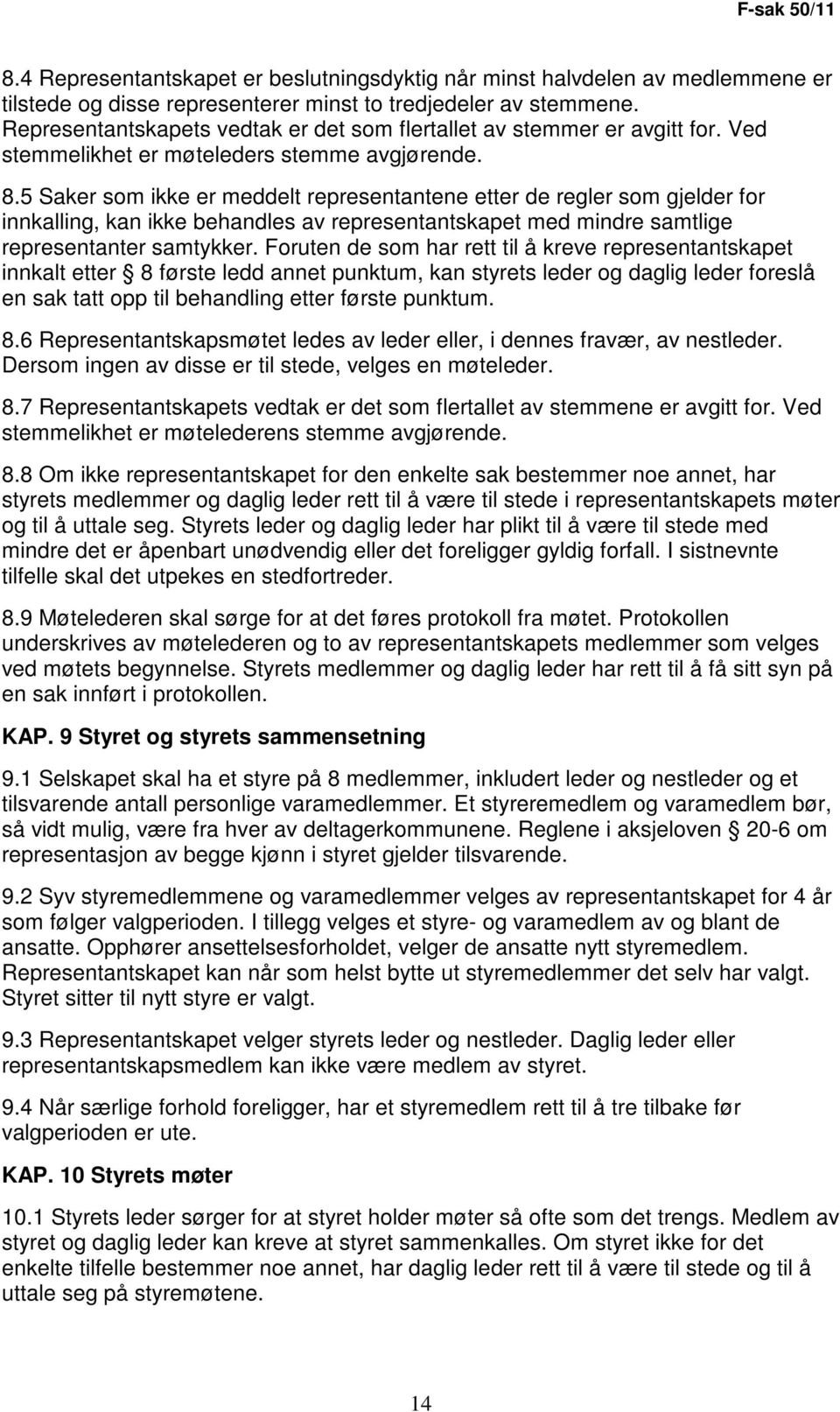 5 Saker som ikke er meddelt representantene etter de regler som gjelder for innkalling, kan ikke behandles av representantskapet med mindre samtlige representanter samtykker.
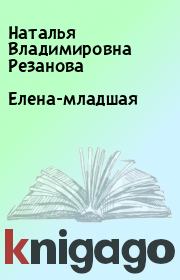 Книга - Елена-младшая.  Наталья Владимировна Резанова  - прочитать полностью в библиотеке КнигаГо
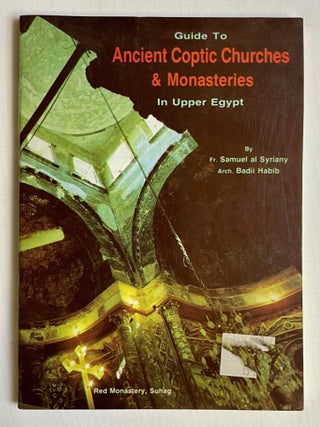 Item #M10474 Guide to Ancient Coptic Churches & Monasteries in Upper Egypt. AL-SYRIANY Fr....[newline]M10474-00.jpeg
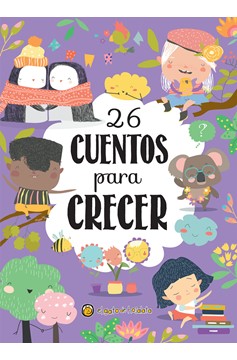 26 Cuentos Para Crecer / 26 Stories To Grow (Hardcover Book)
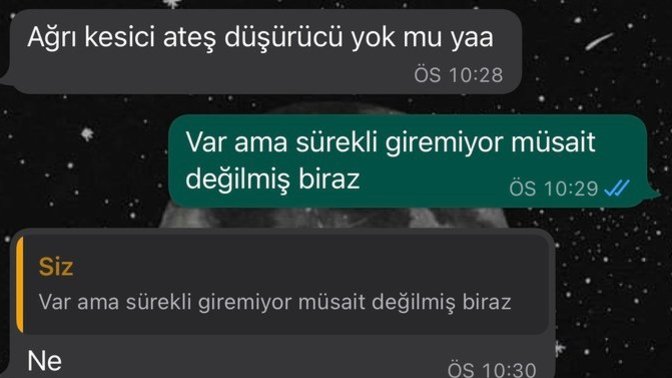 O anlamadı ama çok romatiğim dimi sizzde romantik misiniz?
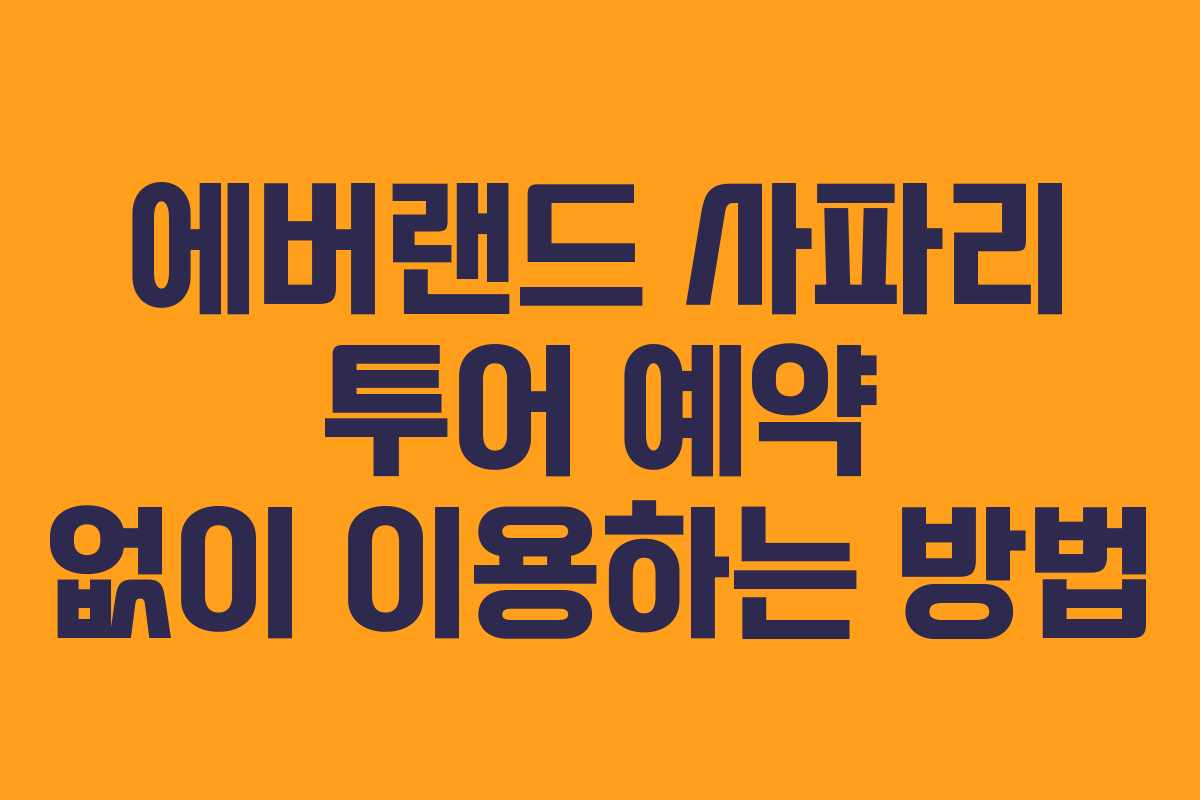 에버랜드 사파리 투어 예약 없이 이용하는 방법 에버랜드 사파리 투어 예약 없이 이용하는 방법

The problem
Could the entries above be restated word for word, with the pictures left out?

Output
 5 Saker som ikke er meddelt representantene etter de regler som gjelder for innkalling, kan ikke behandles av representantskapet med mindre samtlige representanter samtykker.
 Книга - Елена-младшая.  Наталья Владимировна Резанова  - прочитать полностью в библиотеке КнигаГо
 Item #M10474 Guide to Ancient Coptic Churches & Monasteries in Upper Egypt. AL-SYRIANY Fr....[newline]M10474-00.jpeg
 26 Cuentos Para Crecer / 26 Stories To Grow (Hardcover Book)
 O anlamadı ama çok romatiğim dimi sizzde romantik misiniz?
 에버랜드 사파리 투어 예약 없이 이용하는 방법 에버랜드 사파리 투어 예약 없이 이용하는 방법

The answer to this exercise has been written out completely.